Maestro EchoPlex

Maestro EchoPlex echo-chamber floor unit. Mid-70's solid state circuitry tape-based echo machine with black box case complete with removable hinged top and carrying handle. Instructions on page glued to inside cover. Black chicken style knobs control echo sustain and echo volume. Toggle switch provides sound on sound option. Record level adjustable with tiny screw-driver to achieve correct balance (no distortion...unless desired!). Input, output and footswitch inputs for echo/off and playback plus way neat big red recording light to signal that recording is in use!! At settings of 0 to 5 along this awesome slider located on the face of the unit, easily moved (slid) with foot, a decidedly reverby effect is achieved. Playing with the sustain and volume will alter given sound. Moving the slider to the right from 5 to 35 yields the classic Echoplex tones. Superb echoes bouncing along cleanly and effortlessly, all day long on a reel to reel style tape) until the tape heads get dirty and or the tape itself wears out or breaks!).

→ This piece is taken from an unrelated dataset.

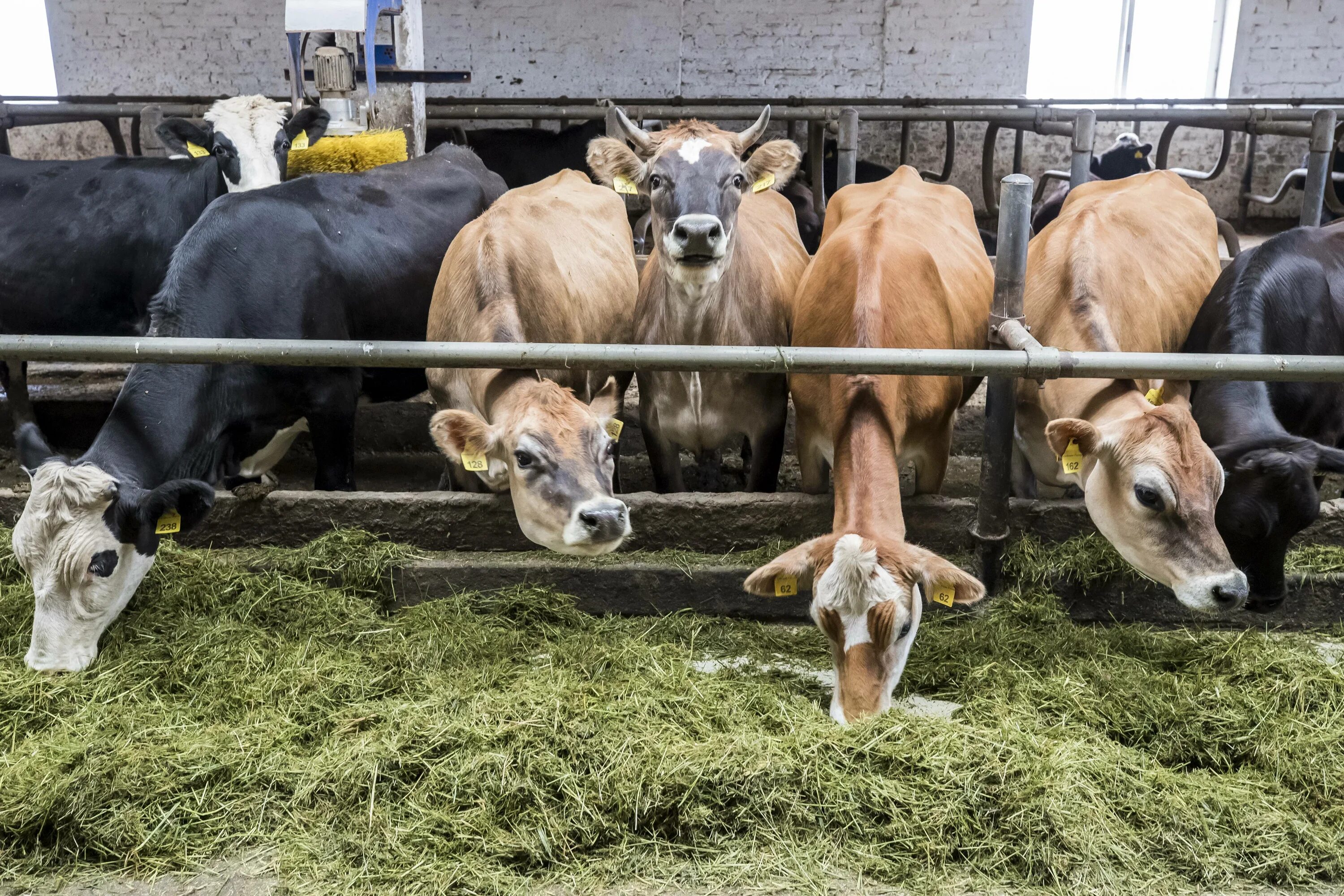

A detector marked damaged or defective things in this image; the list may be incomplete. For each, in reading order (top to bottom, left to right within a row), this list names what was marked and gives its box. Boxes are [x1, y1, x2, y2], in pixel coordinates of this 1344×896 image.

rusty metal pole [978, 174, 1027, 596] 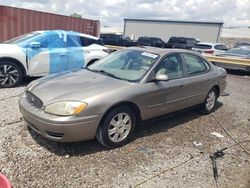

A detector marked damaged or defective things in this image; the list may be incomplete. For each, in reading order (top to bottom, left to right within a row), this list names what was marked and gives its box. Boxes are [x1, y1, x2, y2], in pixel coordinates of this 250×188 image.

damaged hood [27, 70, 129, 106] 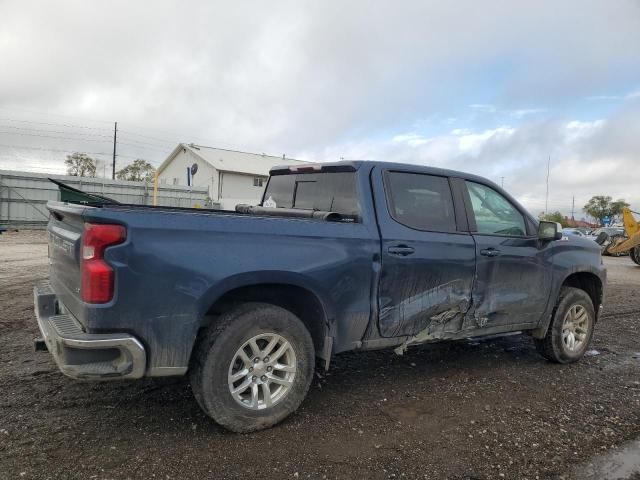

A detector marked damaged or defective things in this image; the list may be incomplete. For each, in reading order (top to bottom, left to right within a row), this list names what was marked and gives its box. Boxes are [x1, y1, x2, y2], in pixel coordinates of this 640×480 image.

A beautiful unit popular big time in the studio and live from the 60's to the present, tho giving some way to the rack mounted digital (yuck!) echoes so often heard in the 80's and now. Try playing a note or notes or even a chord, clean or with edge, and give it a long delay rate (25-35). Now with some "sustain" added (repeats), take the slider and move it left slowly. The echoes speed up like a plane taking off and then jam it far right and jack the sustain (repeats)... WOW! Jimmy Page on Led Zep I and II. Tommy Bolin and Jan Hammer on Spectrum. Joe Walsh with the James Gang baby... On an on.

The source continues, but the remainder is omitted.